Please copy every record below exactly, but leave the pictures out.

Referring expression grounding data
- - - - -

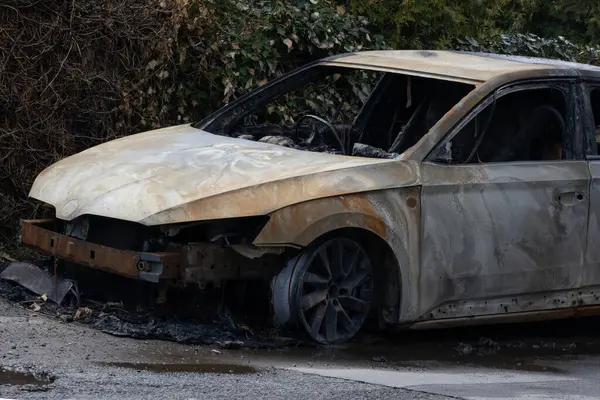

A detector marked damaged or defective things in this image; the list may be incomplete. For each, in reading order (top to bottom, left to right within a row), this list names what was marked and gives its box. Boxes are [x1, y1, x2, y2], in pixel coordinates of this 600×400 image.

charred interior [199, 65, 476, 158]
charred car roof [322, 50, 600, 84]
burnt car [22, 50, 600, 344]
rusted metal panel [21, 220, 180, 280]
burnt tire [288, 238, 372, 344]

- - - - -

◆ ANSWER SECTION ◆
A detector marked damaged or defective things in this image; the list may be incomplete. For each, in reading order (top to bottom, left to right within a row), this list names what was marked and gives its box. Boxes are [x1, y1, x2, y2], in pixel coordinates of this 600×400 image.

charred interior [199, 65, 476, 158]
charred car roof [322, 50, 600, 84]
burnt car [22, 50, 600, 344]
rusted metal panel [21, 220, 180, 280]
burnt tire [288, 238, 372, 344]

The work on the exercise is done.